Task instructions: While you copy the lines below, skip the pictures and keep the rest exact.

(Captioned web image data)
▬▬▬▬▬▬▬▬▬▬

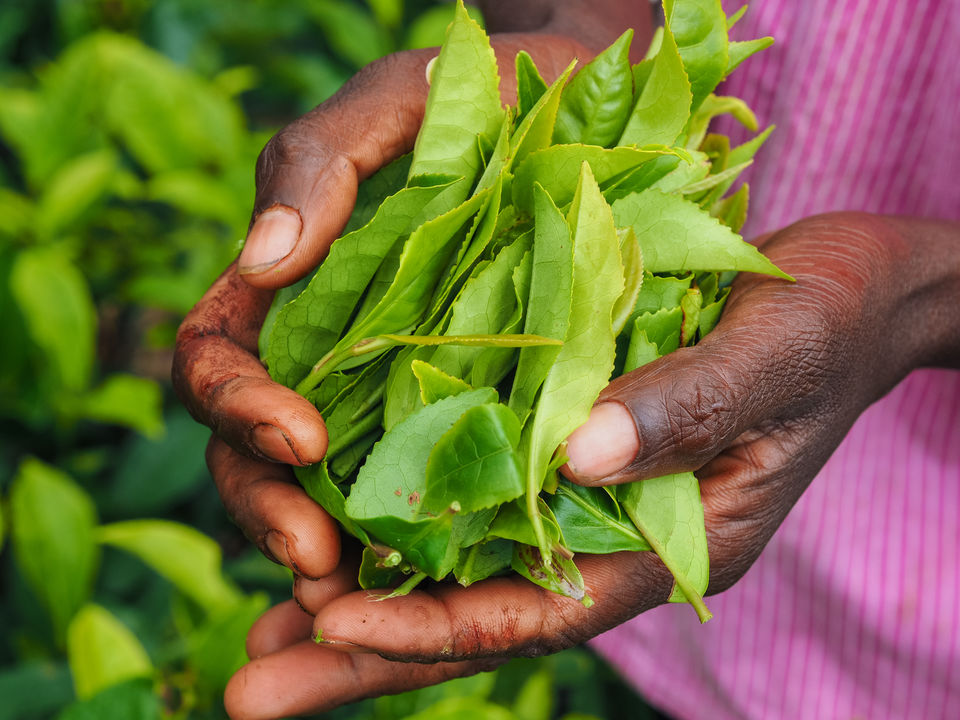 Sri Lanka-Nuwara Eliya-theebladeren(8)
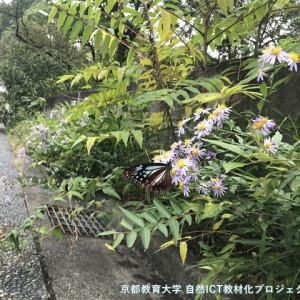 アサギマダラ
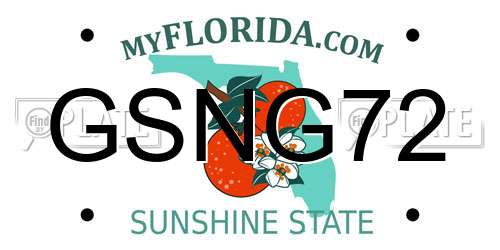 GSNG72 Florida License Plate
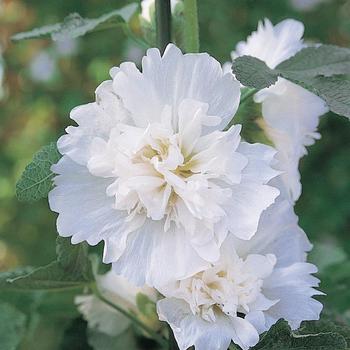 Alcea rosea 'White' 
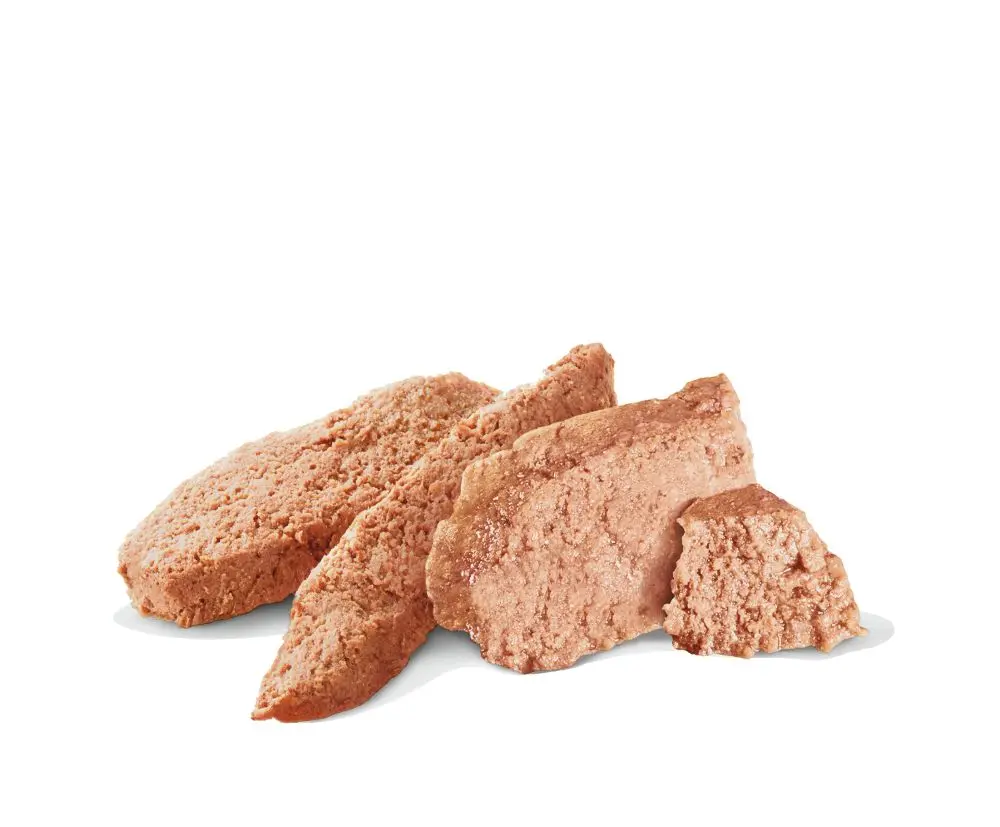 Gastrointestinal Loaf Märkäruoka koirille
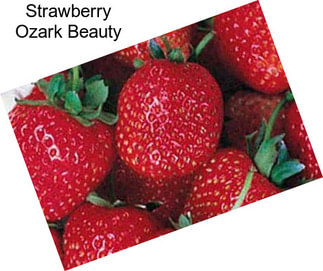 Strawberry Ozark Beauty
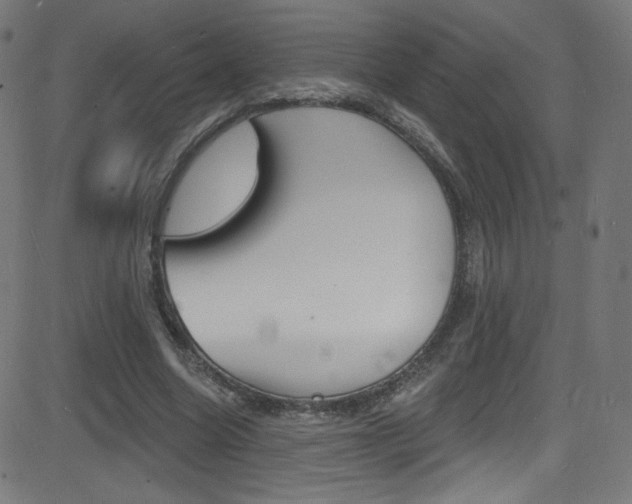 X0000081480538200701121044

▬▬▬▬▬▬▬▬▬▬

Task output:
 Sri Lanka-Nuwara Eliya-theebladeren(8)
 アサギマダラ
 GSNG72 Florida License Plate
 Alcea rosea 'White' 
 Gastrointestinal Loaf Märkäruoka koirille
 Strawberry Ozark Beauty
 X0000081480538200701121044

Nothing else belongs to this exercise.